Поступки, драматические перипетии, само место берут за душу. Сюжет – великий, архетипический: Путь Домой. Сперва – чутьем и сознанием понимаемый как бегство из родных стен. От любви земной ради нездешней. Потом – через возращение под родительский кров, то есть как бы и близ семейного очага, и вне семейных уз. Принадлежа только Богу и устремленный только в Его дом. Статуя в церкви – из гипса, изготовлена в XVIII веке «скульптором и штукатуром», как сказано в осведомительном описании. Фигура умирающего человека в плаще паломника, с посохом в руке, лежит под обыкновенными, по преданию теми самыми, что нависали над Алесси, ступенями, правда, помещенными в стеклянный позолоченный футляр. Все вместе выглядит абсолютно органично – как крыльцо, как навес над крыльцом, как фотография родственника на стене, и лишь в последнюю очередь как святыня или искусство. Посередине вида, открывающегося из сада, невдали собор Сан-Пьетро. Рим – центр католического христианства, оно здесь таково: величественно и обыденно. Сочетание величия и обыденности – условие всякой подлинной веры. Она не лезет в глаза, не занимает собой общество, она просто – здесь. В Риме не Втором, не Третьем, а – единственном.

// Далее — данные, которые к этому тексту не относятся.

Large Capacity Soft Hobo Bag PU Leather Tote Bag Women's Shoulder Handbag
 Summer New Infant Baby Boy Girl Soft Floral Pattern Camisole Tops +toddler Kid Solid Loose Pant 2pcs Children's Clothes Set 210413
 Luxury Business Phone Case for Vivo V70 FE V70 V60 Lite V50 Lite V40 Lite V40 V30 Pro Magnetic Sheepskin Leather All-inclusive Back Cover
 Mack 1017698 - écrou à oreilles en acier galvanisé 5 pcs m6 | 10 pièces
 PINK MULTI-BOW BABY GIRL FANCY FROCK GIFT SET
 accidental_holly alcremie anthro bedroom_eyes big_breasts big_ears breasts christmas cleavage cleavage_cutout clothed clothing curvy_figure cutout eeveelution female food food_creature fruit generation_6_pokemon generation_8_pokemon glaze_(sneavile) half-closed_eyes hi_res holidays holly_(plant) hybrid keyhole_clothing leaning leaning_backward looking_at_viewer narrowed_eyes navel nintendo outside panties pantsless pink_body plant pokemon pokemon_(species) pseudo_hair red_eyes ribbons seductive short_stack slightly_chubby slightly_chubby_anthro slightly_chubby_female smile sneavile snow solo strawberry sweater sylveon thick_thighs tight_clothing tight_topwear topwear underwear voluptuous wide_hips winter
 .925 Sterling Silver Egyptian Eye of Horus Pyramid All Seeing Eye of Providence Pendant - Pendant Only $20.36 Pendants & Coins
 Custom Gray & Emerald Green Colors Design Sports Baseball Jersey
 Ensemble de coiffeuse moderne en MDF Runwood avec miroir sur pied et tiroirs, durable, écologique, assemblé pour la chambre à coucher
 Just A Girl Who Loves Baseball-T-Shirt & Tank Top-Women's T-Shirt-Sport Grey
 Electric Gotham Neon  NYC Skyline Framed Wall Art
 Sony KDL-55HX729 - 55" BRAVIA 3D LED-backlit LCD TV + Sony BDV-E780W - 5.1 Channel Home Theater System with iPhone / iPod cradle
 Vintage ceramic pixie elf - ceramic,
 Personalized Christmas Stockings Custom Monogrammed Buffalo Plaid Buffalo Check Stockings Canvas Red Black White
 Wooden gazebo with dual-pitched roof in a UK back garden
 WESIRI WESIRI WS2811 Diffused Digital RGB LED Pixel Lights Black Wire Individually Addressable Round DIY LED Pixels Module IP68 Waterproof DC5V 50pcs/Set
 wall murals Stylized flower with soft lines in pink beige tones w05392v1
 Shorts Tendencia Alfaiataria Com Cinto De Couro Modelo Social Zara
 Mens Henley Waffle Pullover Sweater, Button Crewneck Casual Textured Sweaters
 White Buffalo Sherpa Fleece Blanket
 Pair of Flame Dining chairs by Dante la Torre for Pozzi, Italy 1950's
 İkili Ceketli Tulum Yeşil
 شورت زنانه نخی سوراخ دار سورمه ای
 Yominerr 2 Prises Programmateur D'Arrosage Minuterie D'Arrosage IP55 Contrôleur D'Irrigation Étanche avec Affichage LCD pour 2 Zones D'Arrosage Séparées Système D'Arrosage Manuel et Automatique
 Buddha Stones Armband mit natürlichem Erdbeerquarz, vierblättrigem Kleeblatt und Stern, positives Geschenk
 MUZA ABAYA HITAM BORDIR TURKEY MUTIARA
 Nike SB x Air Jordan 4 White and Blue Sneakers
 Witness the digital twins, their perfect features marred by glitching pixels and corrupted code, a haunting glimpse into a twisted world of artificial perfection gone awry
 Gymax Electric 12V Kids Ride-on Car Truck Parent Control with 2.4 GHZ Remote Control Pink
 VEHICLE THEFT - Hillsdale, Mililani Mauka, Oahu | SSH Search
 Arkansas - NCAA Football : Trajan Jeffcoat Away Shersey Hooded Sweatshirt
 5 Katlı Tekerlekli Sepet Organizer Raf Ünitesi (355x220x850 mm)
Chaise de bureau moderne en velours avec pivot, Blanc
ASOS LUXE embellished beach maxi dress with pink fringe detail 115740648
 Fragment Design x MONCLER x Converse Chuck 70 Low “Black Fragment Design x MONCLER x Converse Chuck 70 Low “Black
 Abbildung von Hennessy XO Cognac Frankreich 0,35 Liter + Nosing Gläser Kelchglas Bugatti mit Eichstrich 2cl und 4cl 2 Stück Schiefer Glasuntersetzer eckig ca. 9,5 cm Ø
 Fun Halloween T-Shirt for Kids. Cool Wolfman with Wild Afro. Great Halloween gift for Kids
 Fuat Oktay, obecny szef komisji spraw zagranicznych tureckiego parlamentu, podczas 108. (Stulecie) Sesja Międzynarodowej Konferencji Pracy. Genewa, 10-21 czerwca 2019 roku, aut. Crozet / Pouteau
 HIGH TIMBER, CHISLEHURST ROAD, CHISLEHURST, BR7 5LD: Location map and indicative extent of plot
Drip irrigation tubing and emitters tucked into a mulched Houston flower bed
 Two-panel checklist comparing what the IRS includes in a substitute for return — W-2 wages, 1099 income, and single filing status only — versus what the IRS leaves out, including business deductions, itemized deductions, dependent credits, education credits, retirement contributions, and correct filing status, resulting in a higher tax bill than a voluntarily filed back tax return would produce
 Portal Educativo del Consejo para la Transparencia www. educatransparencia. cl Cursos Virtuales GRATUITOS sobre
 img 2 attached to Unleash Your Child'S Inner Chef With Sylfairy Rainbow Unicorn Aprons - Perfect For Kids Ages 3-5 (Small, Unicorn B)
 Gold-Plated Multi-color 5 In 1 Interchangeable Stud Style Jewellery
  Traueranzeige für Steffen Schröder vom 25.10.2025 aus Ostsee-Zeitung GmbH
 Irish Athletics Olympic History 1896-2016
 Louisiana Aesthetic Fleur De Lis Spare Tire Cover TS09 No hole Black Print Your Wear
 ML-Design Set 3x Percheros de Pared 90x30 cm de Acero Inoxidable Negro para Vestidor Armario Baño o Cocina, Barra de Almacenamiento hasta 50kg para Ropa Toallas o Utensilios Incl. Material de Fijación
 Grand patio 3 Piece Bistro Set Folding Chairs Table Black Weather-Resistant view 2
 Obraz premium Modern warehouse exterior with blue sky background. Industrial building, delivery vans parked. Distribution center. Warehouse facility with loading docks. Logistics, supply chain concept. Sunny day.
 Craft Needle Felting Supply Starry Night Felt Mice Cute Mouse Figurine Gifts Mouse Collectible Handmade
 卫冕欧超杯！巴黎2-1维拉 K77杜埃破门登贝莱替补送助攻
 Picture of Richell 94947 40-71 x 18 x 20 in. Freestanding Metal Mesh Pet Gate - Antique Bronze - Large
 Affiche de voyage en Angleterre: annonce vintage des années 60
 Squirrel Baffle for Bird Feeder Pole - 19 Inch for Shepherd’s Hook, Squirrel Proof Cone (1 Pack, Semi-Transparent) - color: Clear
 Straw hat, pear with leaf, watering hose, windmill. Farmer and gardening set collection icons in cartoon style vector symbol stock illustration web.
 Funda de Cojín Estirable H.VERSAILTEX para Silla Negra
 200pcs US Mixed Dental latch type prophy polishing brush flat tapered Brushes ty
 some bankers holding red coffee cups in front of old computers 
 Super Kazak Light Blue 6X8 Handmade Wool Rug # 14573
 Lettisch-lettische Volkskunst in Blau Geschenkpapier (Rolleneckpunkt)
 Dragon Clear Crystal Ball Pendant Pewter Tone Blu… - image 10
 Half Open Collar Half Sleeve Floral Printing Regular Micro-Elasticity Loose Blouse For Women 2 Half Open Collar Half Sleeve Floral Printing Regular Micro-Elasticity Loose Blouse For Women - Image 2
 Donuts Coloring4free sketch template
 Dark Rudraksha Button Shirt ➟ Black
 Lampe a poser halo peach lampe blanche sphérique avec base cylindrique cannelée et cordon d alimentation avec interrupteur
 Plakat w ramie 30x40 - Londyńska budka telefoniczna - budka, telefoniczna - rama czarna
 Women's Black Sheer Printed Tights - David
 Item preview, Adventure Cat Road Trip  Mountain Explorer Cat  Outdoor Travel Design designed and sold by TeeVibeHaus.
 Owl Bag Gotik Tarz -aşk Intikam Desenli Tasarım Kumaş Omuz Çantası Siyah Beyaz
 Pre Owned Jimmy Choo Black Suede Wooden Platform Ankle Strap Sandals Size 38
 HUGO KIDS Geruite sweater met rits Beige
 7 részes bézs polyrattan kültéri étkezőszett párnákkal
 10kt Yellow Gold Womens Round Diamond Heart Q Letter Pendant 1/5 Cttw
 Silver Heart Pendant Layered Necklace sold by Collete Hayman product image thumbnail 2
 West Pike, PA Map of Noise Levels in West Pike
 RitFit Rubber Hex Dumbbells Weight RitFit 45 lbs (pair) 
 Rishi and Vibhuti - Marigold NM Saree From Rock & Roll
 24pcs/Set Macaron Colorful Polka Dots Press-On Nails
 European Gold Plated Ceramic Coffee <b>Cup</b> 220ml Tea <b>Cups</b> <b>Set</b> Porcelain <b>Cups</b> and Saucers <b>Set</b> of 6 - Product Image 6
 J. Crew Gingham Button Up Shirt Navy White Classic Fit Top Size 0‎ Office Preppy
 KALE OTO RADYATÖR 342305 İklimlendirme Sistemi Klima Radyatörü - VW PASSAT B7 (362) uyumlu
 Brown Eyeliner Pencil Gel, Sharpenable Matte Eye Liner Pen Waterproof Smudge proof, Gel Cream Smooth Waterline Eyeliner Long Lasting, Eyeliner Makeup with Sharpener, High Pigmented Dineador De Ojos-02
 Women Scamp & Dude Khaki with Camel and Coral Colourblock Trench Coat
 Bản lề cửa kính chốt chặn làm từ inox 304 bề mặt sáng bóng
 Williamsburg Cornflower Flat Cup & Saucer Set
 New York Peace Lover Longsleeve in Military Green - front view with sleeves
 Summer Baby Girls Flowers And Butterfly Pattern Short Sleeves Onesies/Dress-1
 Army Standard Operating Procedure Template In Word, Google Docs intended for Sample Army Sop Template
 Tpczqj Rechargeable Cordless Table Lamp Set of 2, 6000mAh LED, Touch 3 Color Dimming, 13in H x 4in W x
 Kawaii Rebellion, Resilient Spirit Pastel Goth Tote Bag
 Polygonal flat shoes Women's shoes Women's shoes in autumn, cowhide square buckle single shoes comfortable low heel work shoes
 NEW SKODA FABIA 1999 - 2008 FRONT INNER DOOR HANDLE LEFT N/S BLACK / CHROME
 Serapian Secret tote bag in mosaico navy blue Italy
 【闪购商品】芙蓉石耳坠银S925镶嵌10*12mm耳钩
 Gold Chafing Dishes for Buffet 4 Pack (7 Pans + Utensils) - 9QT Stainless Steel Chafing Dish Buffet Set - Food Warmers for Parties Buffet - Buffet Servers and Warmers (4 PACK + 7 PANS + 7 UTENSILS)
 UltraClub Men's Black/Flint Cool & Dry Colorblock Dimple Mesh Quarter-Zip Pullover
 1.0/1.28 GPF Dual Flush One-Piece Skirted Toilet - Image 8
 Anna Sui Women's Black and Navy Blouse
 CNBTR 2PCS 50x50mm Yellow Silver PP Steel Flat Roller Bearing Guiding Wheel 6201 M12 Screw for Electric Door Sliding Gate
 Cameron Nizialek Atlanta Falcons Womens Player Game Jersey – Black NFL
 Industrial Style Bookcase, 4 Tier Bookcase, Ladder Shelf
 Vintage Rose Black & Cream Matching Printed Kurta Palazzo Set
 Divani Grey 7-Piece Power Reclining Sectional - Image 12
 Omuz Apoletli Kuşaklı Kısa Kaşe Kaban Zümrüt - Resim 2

Справа над рекой открывается тоже величественное и тоже обыденное белое здание римской синагоги. В Риме всё рядом, старый еврейский квартал в двух шагах от форума. Со времени моего предыдущего приезда за вход в синагогу стали брать деньги, 8 евро, – или предъявляй убедительные доказательства того, что ты еврей. О еврейском квартале, о том, что живут в нем сейчас не одни евреи и их даже не большинство, но надписи на домах и специфика некоторых магазинов и офисов, и вообще дух в известной степени сохранились, я писал несколько лет назад. В этот приезд мне пришла в голову мысль о разнице между ним (или подобным ему в любом городе, Праге, Париже, Москве) – и нееврейским кварталом в Хайфе или Иерусалиме. Скажем, немецкими колониями, появившимися там еще в середине XIX столетия. Я не могу судить о предмете основательно, ни в коем случае, я недостаточно осведомлен. Но по тому, что читал об этом, мне показалось, что такие кварталы в Палестине-Израиле, прежде всего, место жительства, а не обиталище духа. Тогда как еврейский квартал в нееврейском городе – пространство особое, в некотором смысле экстерриториальное, с отчетливым ощущением присутствия «гения места».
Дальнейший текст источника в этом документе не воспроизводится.